Kreyren/kreyren

ZOTAC GTX 970 AMP Omega

Opened this issue · 7 comments

image

Was using this in dreamon when i suddenly got kicked from X11 and it stopped working on nvidia and on nouveau and on llvmpipe i get these green dots all over the screen:

image

At the time of failure the GPU's fans were powered from 12VDC external PSU keeping them at 100%, these fans are not connected to the PCB.

VRAM|100x100

GPU Core|100x100

Hypothesis

Sudden death of a VRAM

Known issues

VRAM overheating

This GPU had issues with VRAM overheating before that caused it to fail-safe as the VRAM is just passively cooled using a 1mm alluminimum plate.

Diagnostics

[CONFIRMED] Conductive dust?

The GPU had more dust then i would like so it's possible that these were causing a short.


TODO

  • Handle the VRAM overheating issue

Help-wanted: Suggestions to handle the VRAM overheating appreciated.

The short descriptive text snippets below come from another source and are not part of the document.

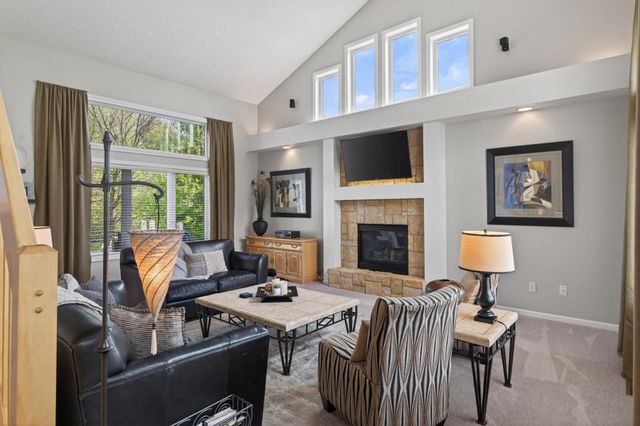 19660 Ireland Way, Lakeville, MN 55044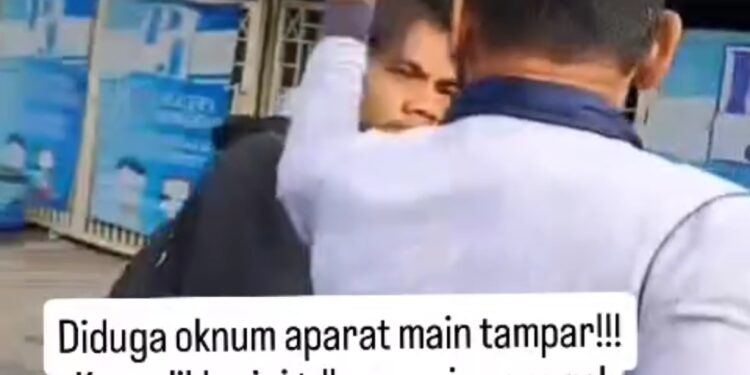 Di Duga Oknum TNI AL Tampar Anak di Jalanan, Ajarkan Jadi Hakim Jalanan?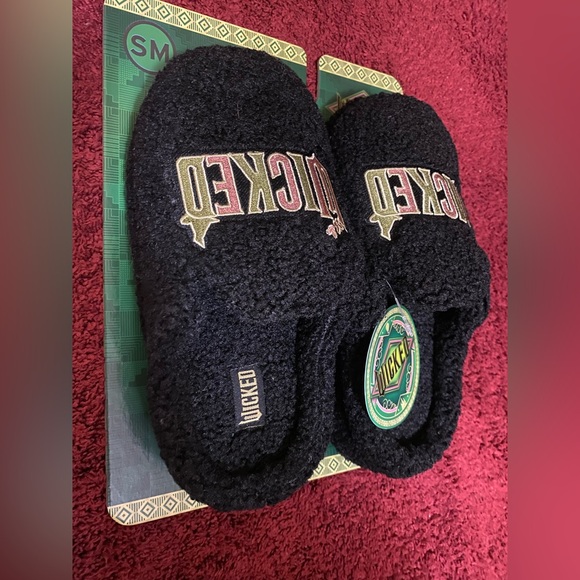 Wicked Sherpa Woman’s Slippers - Picture 2 of 4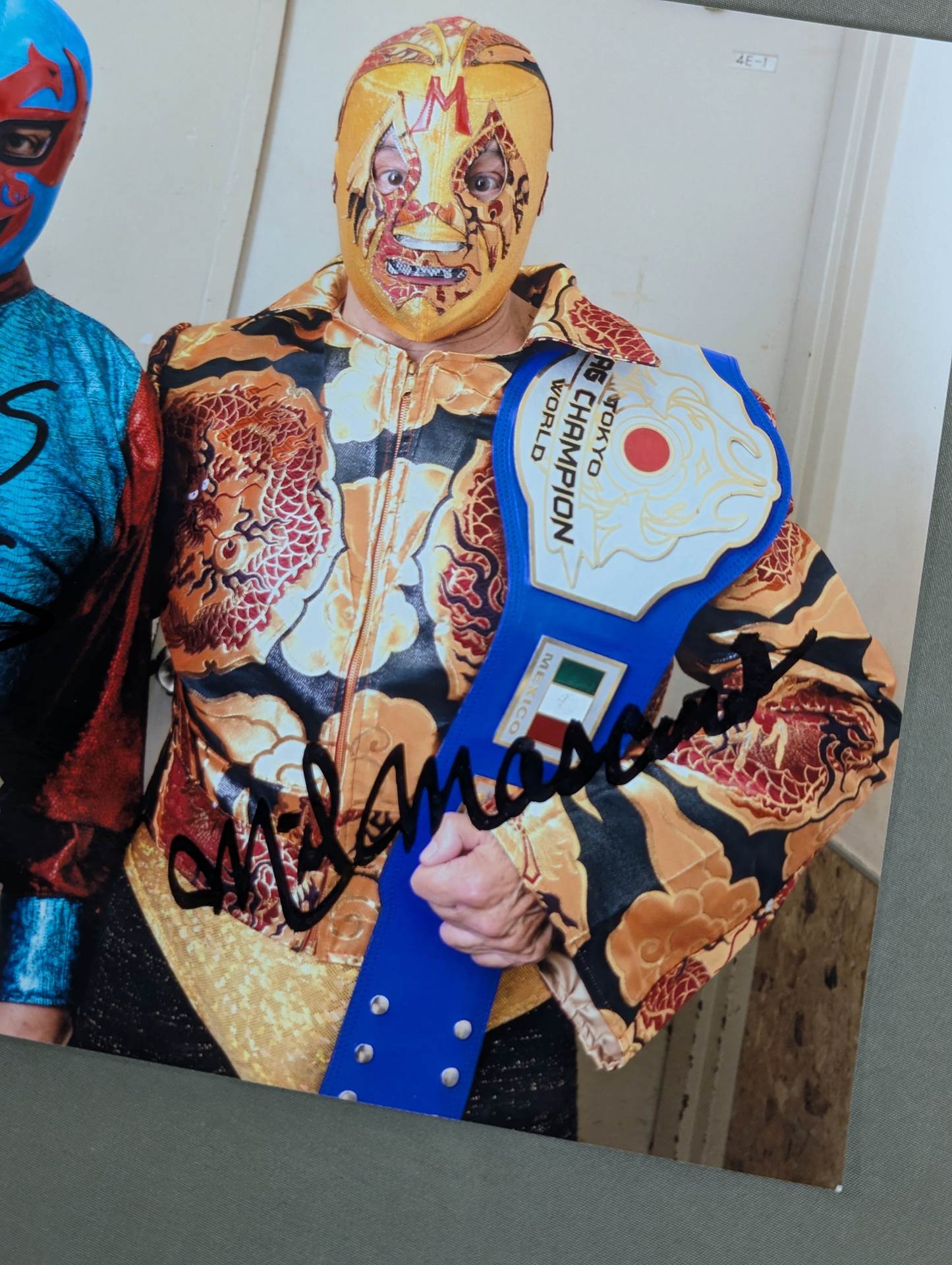 Mil Mascaras &Dos Caras 2 hand signed autographs  Pro-Photo  (A-1 )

DISCLAIMER: Don't do this, not to be used for training.

SOLVED: Conductive dust was causing a signal to hug up

I put it in a sonic cleaner which didn't fix the issue, but seemed to reduce the amount of fragmentation on the screen.. Did two more passes without any major improvement..

So i did this

image

then back to sonic cleaner filled with isopropyl alcohol 99.6% and dried with a hot air and now it works.

I believe that the dust was probably trapped below the VRAM or some component where the sonic cleaner wasn't able to get to easily, but pressured water from a shower head set to jet did.

FWIW The water is reverse osmosis going through a filter and de-gasser.. woudn't do this with a regular tap water due to the risk of minerals sticking to the components.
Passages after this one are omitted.